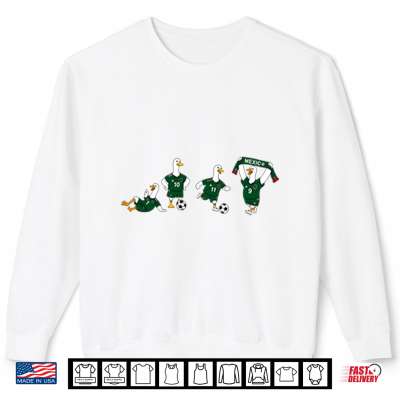 Sweatshirt Funny Goose Mexico Soccer Shirt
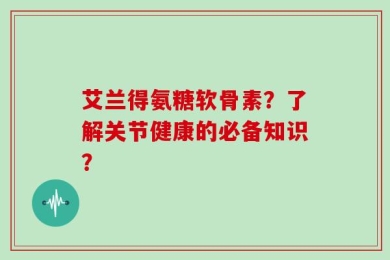 艾兰得氨糖软骨素？了解关节健康的必备知识？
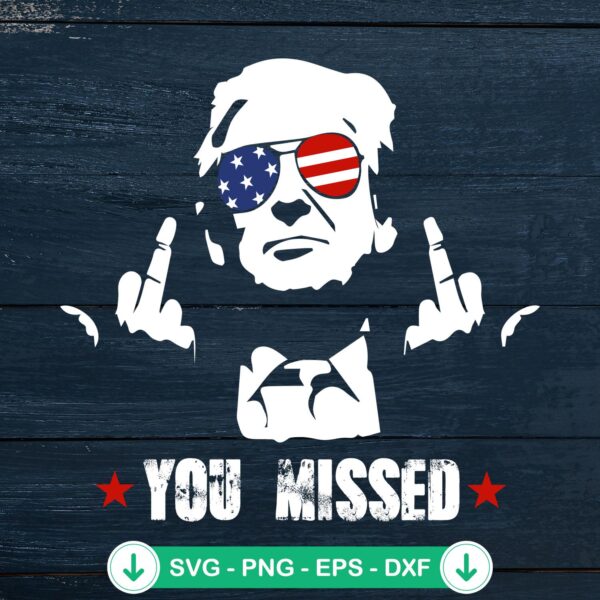 Trump You Missed SVG file for Cricut cutting machine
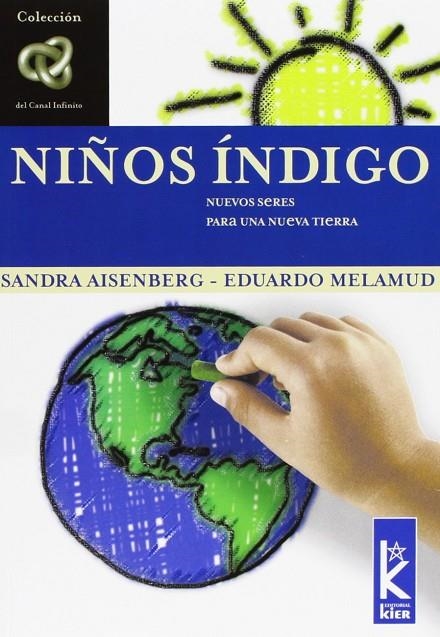 NIÑOS INDIGO | 9789501770025 | AISENBERG, SANDRA - MELAMUD, EDUARDO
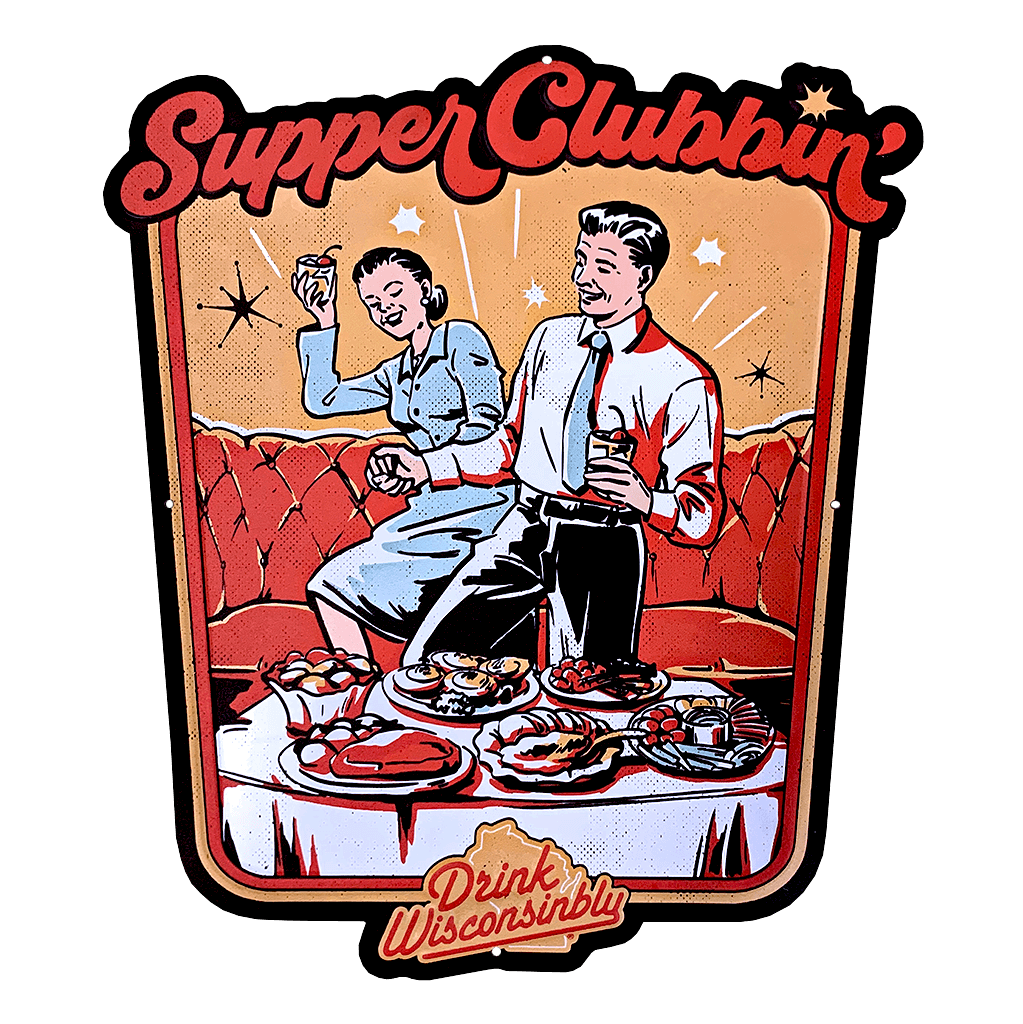 Drink Wisconsinbly “Supper Clubbin” Metal Tacker Sign - Drink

-=-=-

EXERCISE INSTRUCTIONS
Skip the pictures and retype exactly the lines from the one that contains "艾兰得氨糖软骨素？了解关节健康的必备知识？" to the last line of the records.

ANSWER TO THE PROBLEM
 艾兰得氨糖软骨素？了解关节健康的必备知识？
 Trump You Missed SVG file for Cricut cutting machine
 NIÑOS INDIGO | 9789501770025 | AISENBERG, SANDRA - MELAMUD, EDUARDO
 Drink Wisconsinbly “Supper Clubbin” Metal Tacker Sign - Drink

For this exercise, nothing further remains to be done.